BACKGROUND: Apelin signalling pathways have important cardiovascular and metabolic functions. Recently, apelin-36-[L28A] and apelin-36-[L28C(30kDa-PEG)], were reported to function independent of the apelin receptor in vivo to produce beneficial metabolic effects without modulating blood pressure. We aimed to show that these peptides bound to the apelin receptor and to further characterise their pharmacology in vitro at the human apelin receptor. METHODS: [Pyr1]apelin-13 saturation binding experiments and competition binding experiments were performed in rat and human heart homogenates using [125I]apelin-13 (0.1 nM), and/or increasing concentrations of apelin-36, apelin-36-[L28A] and apelin-36-[L28C(30kDa-PEG)] (50pM-100μM).

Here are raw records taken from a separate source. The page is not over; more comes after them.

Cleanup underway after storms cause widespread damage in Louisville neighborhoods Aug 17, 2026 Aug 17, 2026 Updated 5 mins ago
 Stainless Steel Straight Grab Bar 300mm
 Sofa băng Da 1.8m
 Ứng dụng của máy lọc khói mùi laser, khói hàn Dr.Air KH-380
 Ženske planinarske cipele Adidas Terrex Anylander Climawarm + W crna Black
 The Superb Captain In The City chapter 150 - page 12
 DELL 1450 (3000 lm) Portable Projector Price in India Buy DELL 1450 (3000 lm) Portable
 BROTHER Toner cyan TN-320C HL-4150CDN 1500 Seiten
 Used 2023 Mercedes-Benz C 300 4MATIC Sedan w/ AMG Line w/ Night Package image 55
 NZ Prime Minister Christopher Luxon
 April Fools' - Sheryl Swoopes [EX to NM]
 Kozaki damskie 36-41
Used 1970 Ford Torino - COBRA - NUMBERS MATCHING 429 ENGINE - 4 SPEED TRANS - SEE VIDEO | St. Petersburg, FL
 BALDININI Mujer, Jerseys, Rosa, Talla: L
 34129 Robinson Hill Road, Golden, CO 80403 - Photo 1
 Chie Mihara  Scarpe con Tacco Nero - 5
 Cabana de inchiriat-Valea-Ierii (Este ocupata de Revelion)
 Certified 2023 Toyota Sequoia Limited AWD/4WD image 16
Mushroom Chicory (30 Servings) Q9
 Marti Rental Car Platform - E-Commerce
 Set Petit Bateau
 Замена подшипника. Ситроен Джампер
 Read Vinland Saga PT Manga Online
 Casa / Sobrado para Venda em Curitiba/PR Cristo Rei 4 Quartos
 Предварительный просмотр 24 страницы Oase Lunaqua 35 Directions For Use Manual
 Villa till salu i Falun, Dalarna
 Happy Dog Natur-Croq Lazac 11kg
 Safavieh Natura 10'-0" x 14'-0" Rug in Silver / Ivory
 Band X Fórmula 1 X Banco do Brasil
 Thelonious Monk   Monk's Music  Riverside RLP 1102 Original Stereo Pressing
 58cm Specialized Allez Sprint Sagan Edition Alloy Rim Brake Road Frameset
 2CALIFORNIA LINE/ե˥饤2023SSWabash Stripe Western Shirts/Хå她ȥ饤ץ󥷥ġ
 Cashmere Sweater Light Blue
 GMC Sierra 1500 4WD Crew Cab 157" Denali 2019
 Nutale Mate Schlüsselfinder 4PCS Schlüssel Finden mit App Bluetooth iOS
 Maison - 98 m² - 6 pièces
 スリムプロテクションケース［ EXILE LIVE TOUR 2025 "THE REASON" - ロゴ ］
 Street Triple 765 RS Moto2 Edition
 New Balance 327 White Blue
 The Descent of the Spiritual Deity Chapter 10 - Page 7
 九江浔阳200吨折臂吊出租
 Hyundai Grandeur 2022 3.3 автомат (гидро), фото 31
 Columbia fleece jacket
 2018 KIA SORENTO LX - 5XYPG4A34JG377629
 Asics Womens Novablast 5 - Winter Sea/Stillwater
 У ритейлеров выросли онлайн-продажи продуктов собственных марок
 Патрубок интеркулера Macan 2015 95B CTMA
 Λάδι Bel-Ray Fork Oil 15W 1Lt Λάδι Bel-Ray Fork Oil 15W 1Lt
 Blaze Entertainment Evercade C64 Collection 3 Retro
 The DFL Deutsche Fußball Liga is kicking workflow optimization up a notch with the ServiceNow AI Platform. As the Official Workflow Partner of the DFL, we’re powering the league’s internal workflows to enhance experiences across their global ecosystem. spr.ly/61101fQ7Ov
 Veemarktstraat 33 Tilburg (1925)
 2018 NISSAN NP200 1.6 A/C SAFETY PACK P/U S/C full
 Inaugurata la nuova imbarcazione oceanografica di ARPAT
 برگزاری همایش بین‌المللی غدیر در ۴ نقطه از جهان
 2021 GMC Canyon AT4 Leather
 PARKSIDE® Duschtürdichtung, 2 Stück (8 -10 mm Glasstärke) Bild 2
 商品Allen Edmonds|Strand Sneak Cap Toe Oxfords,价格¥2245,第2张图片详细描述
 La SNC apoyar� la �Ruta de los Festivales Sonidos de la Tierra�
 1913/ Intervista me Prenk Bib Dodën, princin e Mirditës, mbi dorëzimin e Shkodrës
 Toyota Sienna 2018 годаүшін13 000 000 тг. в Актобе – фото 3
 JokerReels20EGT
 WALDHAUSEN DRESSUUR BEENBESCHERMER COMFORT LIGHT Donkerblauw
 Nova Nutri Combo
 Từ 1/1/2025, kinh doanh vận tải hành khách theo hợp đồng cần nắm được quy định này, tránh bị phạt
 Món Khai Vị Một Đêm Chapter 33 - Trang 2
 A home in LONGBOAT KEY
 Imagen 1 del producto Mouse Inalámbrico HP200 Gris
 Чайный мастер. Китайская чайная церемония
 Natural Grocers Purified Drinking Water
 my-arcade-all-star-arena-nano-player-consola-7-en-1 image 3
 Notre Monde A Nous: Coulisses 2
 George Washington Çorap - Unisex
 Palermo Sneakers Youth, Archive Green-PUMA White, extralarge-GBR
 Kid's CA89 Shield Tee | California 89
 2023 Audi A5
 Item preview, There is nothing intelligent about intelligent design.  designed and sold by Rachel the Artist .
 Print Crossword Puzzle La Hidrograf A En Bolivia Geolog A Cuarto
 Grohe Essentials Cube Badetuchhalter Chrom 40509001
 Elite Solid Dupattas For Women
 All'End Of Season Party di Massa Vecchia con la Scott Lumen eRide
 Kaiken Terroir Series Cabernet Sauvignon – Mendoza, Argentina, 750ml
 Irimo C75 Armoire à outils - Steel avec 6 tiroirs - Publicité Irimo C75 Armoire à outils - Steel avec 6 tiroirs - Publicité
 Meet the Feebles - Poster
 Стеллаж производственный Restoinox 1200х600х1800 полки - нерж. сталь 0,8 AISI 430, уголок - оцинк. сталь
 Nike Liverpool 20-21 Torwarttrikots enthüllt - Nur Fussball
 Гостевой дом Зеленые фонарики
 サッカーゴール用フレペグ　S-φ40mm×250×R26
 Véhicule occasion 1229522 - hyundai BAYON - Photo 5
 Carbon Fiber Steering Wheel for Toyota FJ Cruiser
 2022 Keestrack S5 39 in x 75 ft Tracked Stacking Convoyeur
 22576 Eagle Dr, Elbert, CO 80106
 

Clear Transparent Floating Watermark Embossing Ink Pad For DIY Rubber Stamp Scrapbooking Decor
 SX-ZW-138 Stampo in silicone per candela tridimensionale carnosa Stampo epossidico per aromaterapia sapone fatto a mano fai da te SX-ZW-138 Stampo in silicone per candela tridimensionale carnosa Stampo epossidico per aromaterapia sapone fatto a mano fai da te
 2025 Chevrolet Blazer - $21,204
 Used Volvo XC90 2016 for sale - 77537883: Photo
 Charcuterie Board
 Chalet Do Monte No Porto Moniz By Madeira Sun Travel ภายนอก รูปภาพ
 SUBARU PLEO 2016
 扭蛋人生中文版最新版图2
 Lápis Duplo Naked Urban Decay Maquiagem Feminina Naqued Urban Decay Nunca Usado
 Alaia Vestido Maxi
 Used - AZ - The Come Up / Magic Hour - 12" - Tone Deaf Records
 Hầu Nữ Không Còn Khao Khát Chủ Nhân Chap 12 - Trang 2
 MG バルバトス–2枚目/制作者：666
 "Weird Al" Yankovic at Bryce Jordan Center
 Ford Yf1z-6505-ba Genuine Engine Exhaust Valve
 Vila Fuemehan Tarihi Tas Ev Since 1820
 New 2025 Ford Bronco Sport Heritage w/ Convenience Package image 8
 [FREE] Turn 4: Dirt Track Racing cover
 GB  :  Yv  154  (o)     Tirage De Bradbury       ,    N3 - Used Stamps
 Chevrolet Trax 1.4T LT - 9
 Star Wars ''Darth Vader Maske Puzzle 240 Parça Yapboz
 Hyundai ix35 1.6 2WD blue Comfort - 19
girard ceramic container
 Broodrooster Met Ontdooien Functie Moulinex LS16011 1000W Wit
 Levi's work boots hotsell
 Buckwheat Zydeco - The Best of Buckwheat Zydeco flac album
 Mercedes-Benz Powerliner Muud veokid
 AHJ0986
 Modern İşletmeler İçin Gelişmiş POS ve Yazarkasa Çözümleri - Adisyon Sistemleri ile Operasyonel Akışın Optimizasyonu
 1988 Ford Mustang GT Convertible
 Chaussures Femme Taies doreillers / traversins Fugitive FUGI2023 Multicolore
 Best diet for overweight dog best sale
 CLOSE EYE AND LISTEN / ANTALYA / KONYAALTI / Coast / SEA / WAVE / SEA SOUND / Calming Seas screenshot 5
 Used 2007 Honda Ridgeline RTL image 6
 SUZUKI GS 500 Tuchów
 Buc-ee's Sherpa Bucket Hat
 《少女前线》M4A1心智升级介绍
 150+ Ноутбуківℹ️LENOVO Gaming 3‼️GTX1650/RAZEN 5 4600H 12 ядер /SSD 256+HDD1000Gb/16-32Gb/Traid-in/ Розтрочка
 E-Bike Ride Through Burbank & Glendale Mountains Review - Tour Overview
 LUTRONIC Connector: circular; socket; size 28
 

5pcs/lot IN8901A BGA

Apelin-36 and its analogues apelin-36-[F36A], apelin-36-[L28A], apelin-36-[L28C(30kDa-PEG)], apelin-36-[A28 A13] and [40kDa-PEG]-apelin-36 were tested in forskolin-induced cAMP inhibition and β-arrestin assays in CHO-K1 cells heterologously expressing the human apelin receptor. Bias signaling was quantified using the operational model for bias. RESULTS: In both species, [Pyr1]apelin-13 had comparable subnanomolar affinity and the apelin receptor density was similar. Apelin-36, apelin-36-[L28A] and apelin-36-[L28C(30kDa-PEG)] competed for binding of [125I]apelin-13 with nanomolar affinities. Apelin-36-[L28A] and apelin-36-[L28C(30kDa-PEG)] inhibited forskolin-induced cAMP release, with nanomolar potencies but they were less potent compared to apelin-36 at recruiting β-arrestin. Bias analysis suggested that these peptides were G protein biased. Additionally, [40kDa-PEG]-apelin-36 and apelin-36-[F36A] retained nanomolar potencies in both cAMP and β-arrestin assays whilst apelin-36-[A13 A28] exhibited a similar profile to apelin-36-[L28C(30kDa-PEG)] in the β-arrestin assay but was more potent in the cAMP assay. CONCLUSIONS: Apelin-36-[L28A] and apelin-36-[L28C(30kDa-PEG)] are G protein biased ligands of the apelin receptor, suggesting that the apelin receptor is an important therapeutic target in metabolic diseases.

Keywords

Apelin, Apelin receptor, Biased ligands, Cardiovascular disease, GPCR, Human heart, Metabolic disease, Receptor affinity, Adult, Animals, Apelin, Apelin Receptors, Binding, Competitive, CHO Cells, Colforsin, Complex Mixtures, Cricetulus, Cyclic AMP, Female, Heart Ventricles, Humans, Ligands, Male, Middle Aged, Peptides, Protein Binding, Rats, Rats, Sprague-Dawley, beta-Arrestins

Journal Title

Peptides

Journal ISSN

0196-9781
1873-5169

Volume Title

121

Publisher

Elsevier BV

Publisher DOI

https://doi.org/10.1016/j.peptides.2019.170139

Rights

Attribution-NonCommercial-NoDerivatives 4.0 International

Sponsorship

Cambridge University Hospitals NHS Foundation Trust (CUH) (unknown)
Wellcome Trust (107715/Z/15/Z)
Wellcome Trust (203814/Z/16/Z)
Medical Research Council (MC_PC_12012)

Wellcome Trust [WT107715/Z/15/Z ], Wellcome Trust Programme in Metabolic and Cardiovascular Disease [203814/Z/16/A]; Astra-Zeneca, Cambridge Biomedical Research Centre Biomedical Resources Grant, University of Cambridge, Cardiovascular Theme, RG64226.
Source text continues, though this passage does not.